Canada's Crown Circus: King Charles, Sovereignty, and Shrinking Borders
PM Carney invites King Charles to lecture Parliament while pledging Canadian "sovereignty"—right before cozying up to Trump and outsourcing the economy.
Sane Perspective
When You Say “Sovereignty,” But Act Like a Vassal State
So Mark Carney, the freshly crowned Canadian PM, stood up in front of reporters with a straight face and said that having King Charles—literal monarch of a foreign country—open Canada’s Parliament is a powerful symbol of Canadian sovereignty. That’s like saying you’re the CEO of a company while letting your old boss write your mission statement. This is woke globalist gymnastics: symbolic fealty to the British Crown, economic dependence on the U.S., and lip-service to Indigenous "partnership" all wrapped up in a speech about “unity” and “building bold.” And somehow, magically, that’s supposed to equal national independence.
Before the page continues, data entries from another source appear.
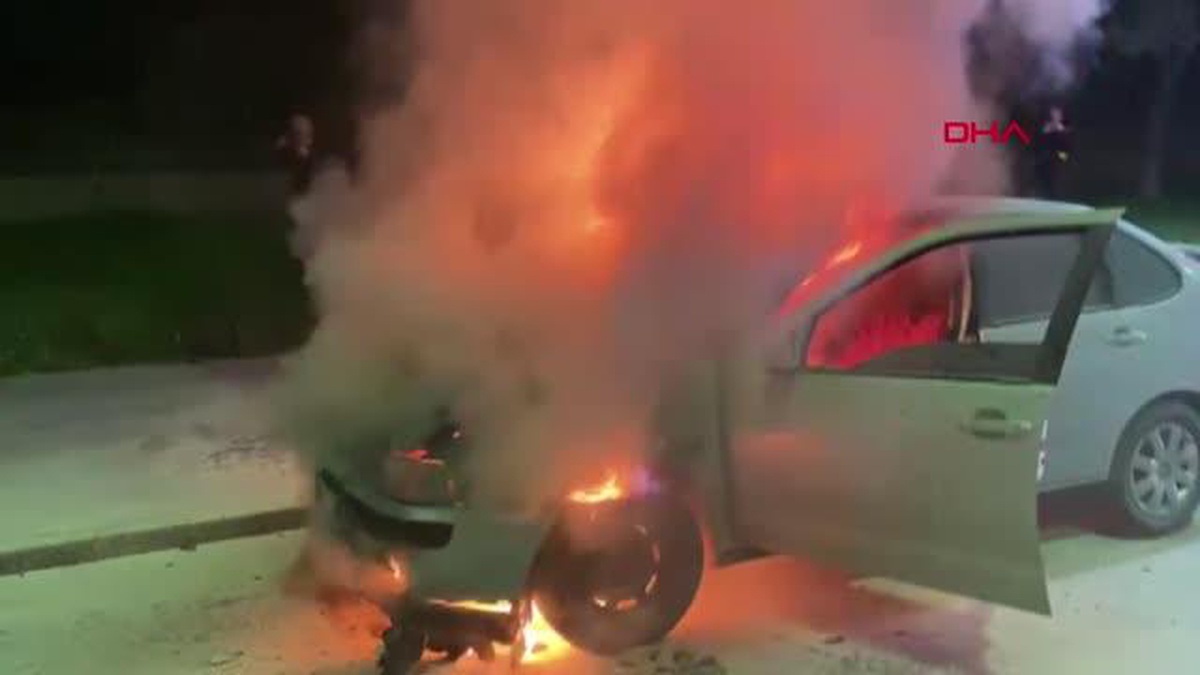 Son dakika! HAREKET HALİNDEKİ OTOMOBİLDE YANGIN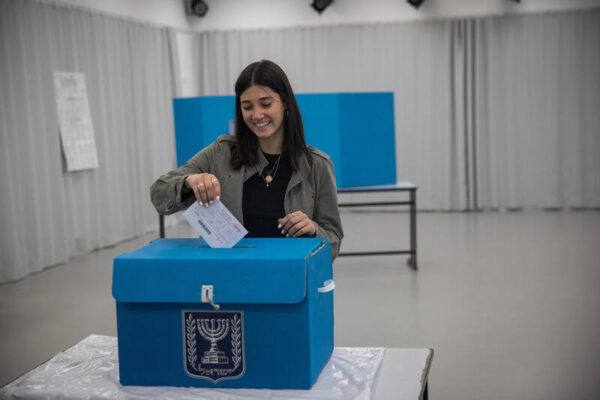 אישה מצביעה בבחירות לכנסת בקלפי בירושלים, 2019 (צילום ארכיון: יונתן זינדל / פלאש90)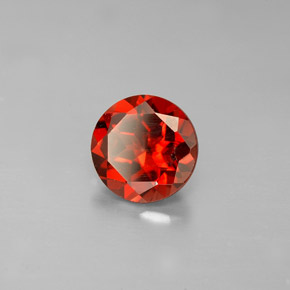 granate almandino Roja natural de 1.49 ct, Corte Redondo, VVS-VS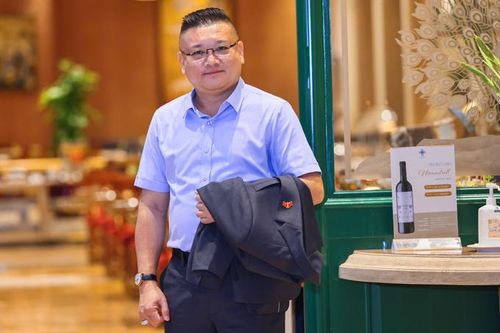 TS.Trần Khắc Tâm: Nền kinh tế gặp khó khăn là một 'phép thử nặng ký' đối với các doanh nhân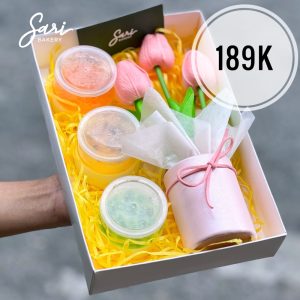 Hộp quà nắp mica chữ nhật gồm 3 hũ dessert mini, tulip hồng và ly pastel – Sari Bakery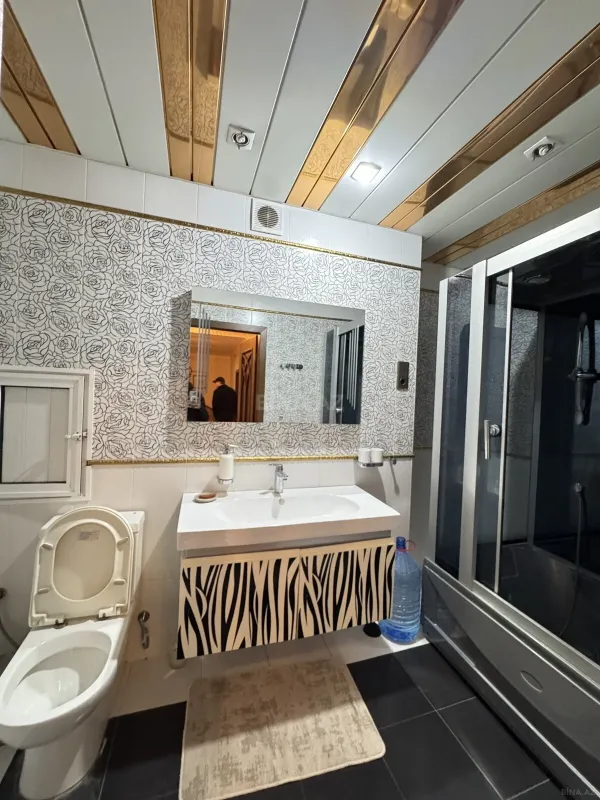 Kirayə verilir 3 otaqlı mənzil 150 m²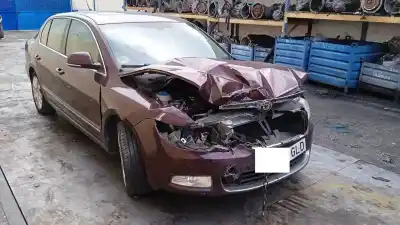Veículo de Sucata skoda suberb (3t4) active do ano 2009 alimentado bmp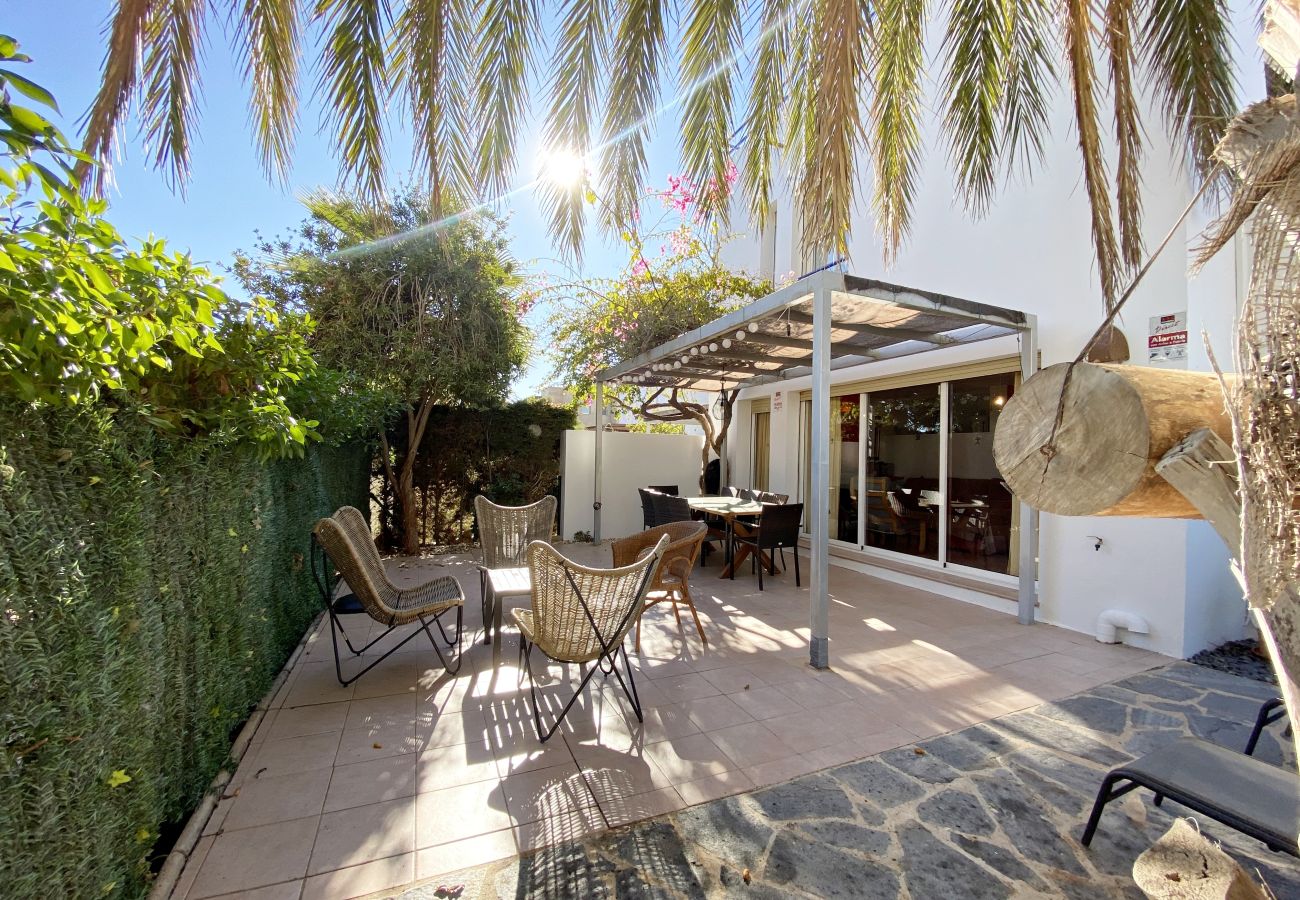 Maison mitoyenne à Vera playa - PB 01 - Location de vacances en bord de mer à Vera Playa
Meanwhile, he’s buddying up to Trump (who’s joked about Canada being the 51st state), pledging to massively intervene in the economy, and pretending that giving $25 billion in taxpayer-backed loans to developers is "free market housing reform." This guy is a Davos-style technocrat using all the buzzwords—sovereignty, safety, diversity—to cover a plan that replaces national strength with performative allegiance and state-managed everything.